### Exercise description:
Your answer must be the full listing below, repeated exactly.

Start of Listed records

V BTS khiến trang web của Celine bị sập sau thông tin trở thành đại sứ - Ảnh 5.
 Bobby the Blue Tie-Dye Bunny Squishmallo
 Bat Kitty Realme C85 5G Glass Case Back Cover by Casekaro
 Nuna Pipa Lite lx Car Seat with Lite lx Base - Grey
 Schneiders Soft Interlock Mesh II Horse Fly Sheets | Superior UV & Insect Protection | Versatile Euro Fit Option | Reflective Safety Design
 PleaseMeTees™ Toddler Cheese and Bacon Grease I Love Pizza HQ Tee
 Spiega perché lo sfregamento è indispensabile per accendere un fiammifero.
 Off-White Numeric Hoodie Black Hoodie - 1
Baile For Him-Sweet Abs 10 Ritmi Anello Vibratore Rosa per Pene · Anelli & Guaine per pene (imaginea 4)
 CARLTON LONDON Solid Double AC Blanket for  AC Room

End of Listed records

### Task answer:
V BTS khiến trang web của Celine bị sập sau thông tin trở thành đại sứ - Ảnh 5.
 Bobby the Blue Tie-Dye Bunny Squishmallo
 Bat Kitty Realme C85 5G Glass Case Back Cover by Casekaro
 Nuna Pipa Lite lx Car Seat with Lite lx Base - Grey
 Schneiders Soft Interlock Mesh II Horse Fly Sheets | Superior UV & Insect Protection | Versatile Euro Fit Option | Reflective Safety Design
 PleaseMeTees™ Toddler Cheese and Bacon Grease I Love Pizza HQ Tee
 Spiega perché lo sfregamento è indispensabile per accendere un fiammifero.
 Off-White Numeric Hoodie Black Hoodie - 1
Baile For Him-Sweet Abs 10 Ritmi Anello Vibratore Rosa per Pene · Anelli & Guaine per pene (imaginea 4)
 CARLTON LONDON Solid Double AC Blanket for  AC Room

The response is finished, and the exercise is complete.